- Task objective: Using the records below, write out only the lines from the line containing "2025 Topps #335 Sandy Alcantara" up to and including the line containing "How to Build a Custom App Development", exactly, with no pictures.

Short web captions
══════════════════════════════
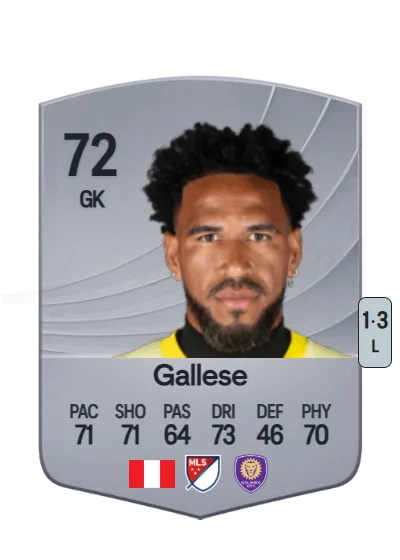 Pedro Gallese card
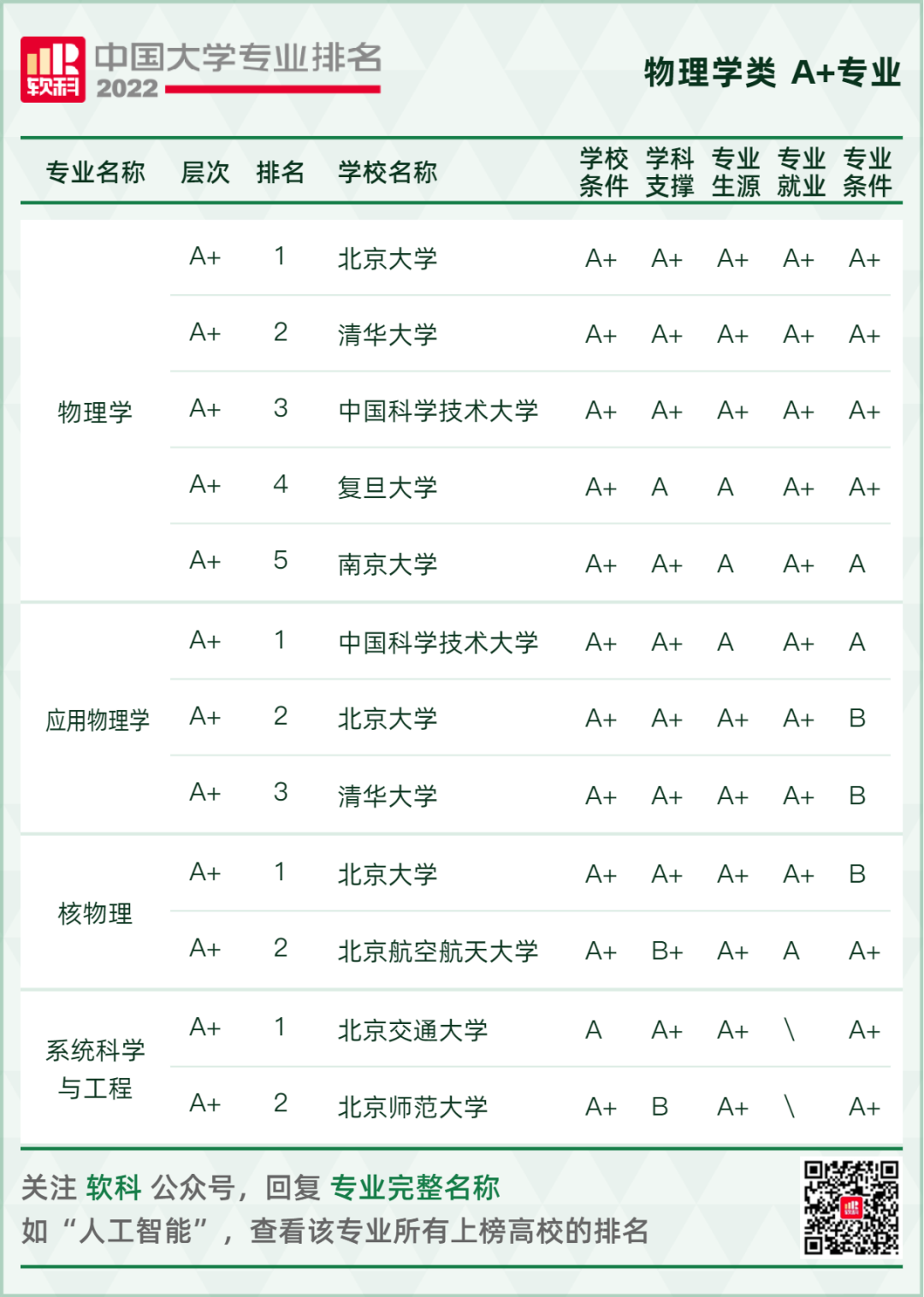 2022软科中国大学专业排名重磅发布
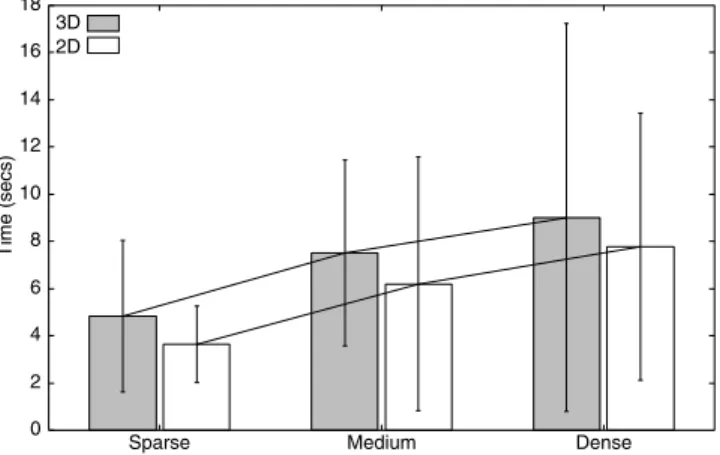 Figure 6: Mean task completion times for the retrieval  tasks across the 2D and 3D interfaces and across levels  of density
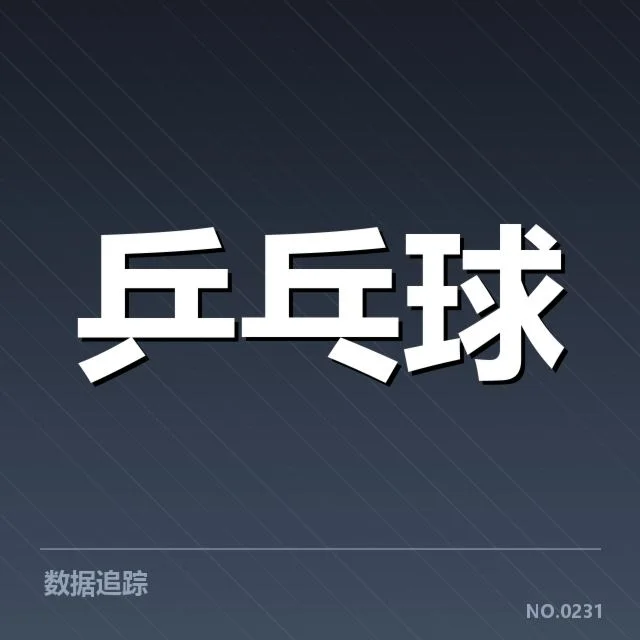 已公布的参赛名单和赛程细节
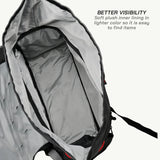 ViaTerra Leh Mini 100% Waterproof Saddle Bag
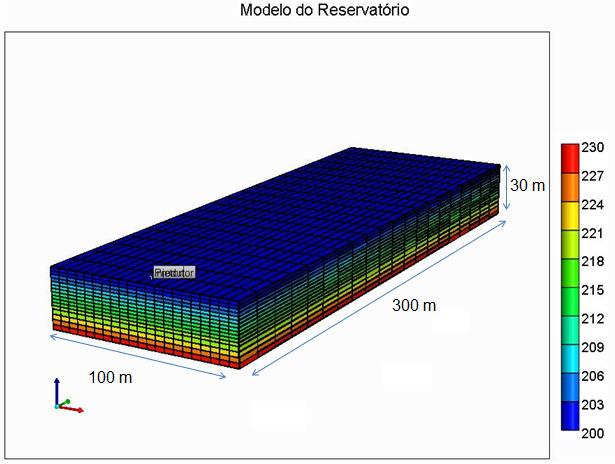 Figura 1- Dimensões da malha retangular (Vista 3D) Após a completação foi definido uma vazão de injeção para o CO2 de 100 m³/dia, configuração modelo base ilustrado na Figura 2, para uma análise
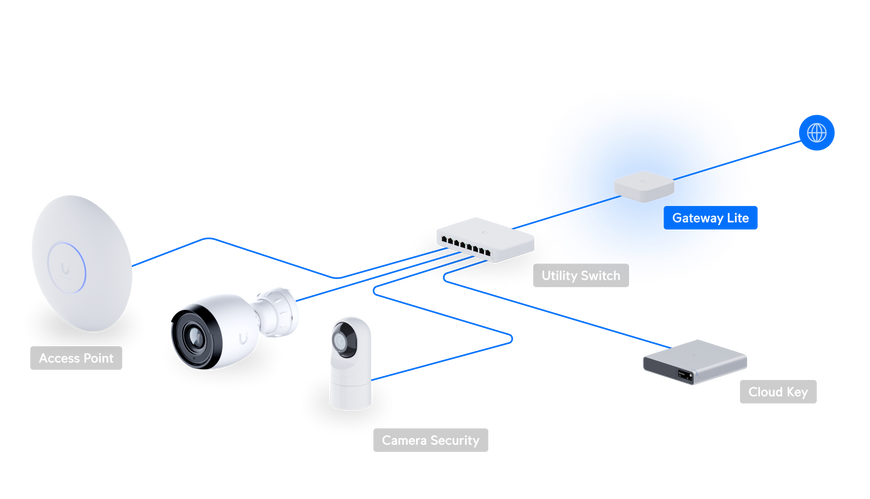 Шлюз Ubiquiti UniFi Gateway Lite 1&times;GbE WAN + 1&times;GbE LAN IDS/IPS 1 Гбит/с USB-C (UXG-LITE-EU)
══════════════════════════════
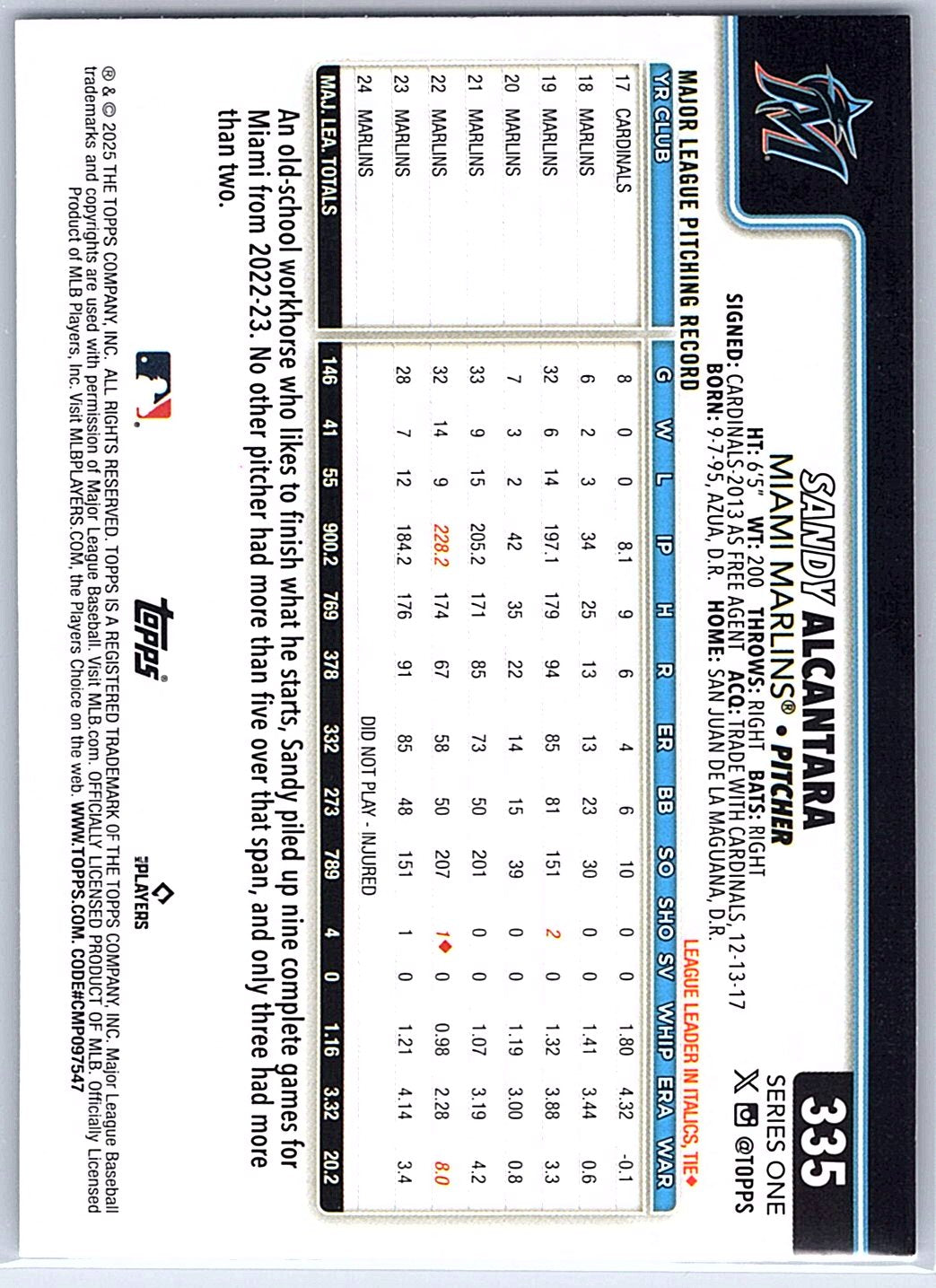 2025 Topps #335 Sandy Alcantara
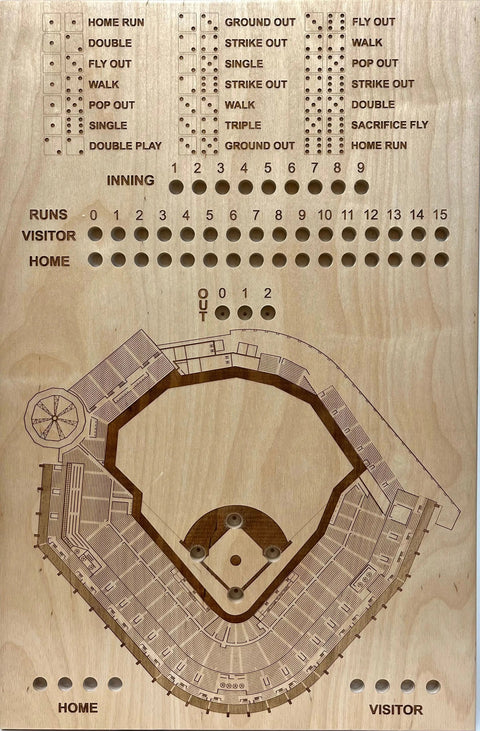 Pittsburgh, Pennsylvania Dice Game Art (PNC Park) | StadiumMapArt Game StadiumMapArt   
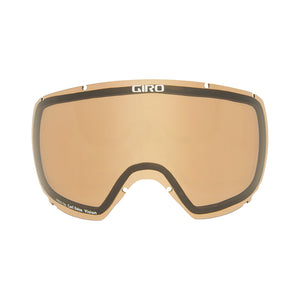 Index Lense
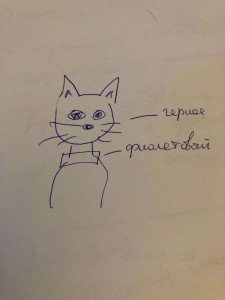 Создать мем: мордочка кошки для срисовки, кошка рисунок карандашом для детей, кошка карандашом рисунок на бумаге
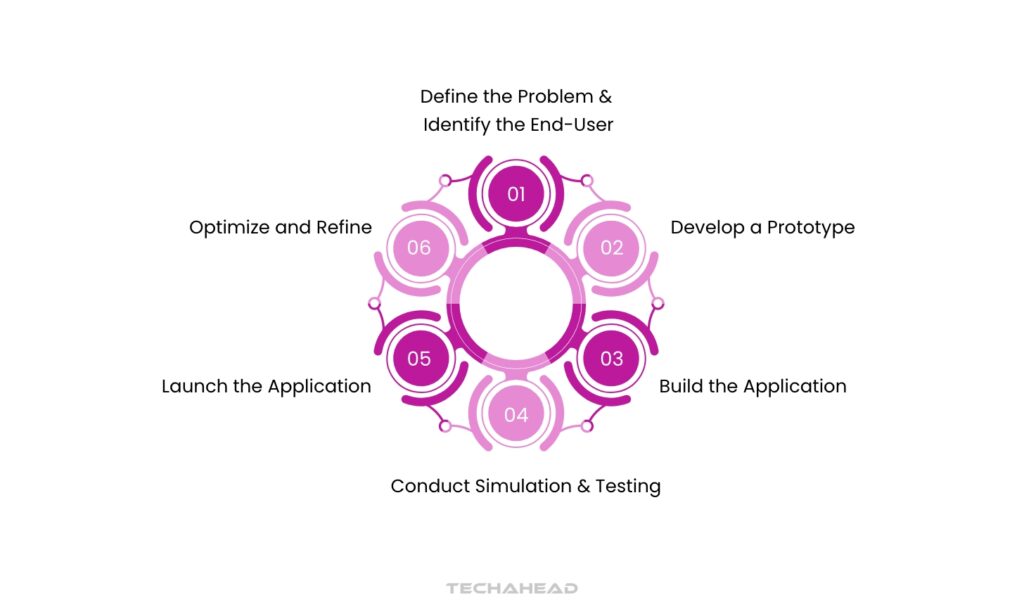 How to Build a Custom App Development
══════════════════════════════
- Solution to the problem:
 2025 Topps #335 Sandy Alcantara
 Pittsburgh, Pennsylvania Dice Game Art (PNC Park) | StadiumMapArt Game StadiumMapArt   
 Index Lense
 Создать мем: мордочка кошки для срисовки, кошка рисунок карандашом для детей, кошка карандашом рисунок на бумаге
 How to Build a Custom App Development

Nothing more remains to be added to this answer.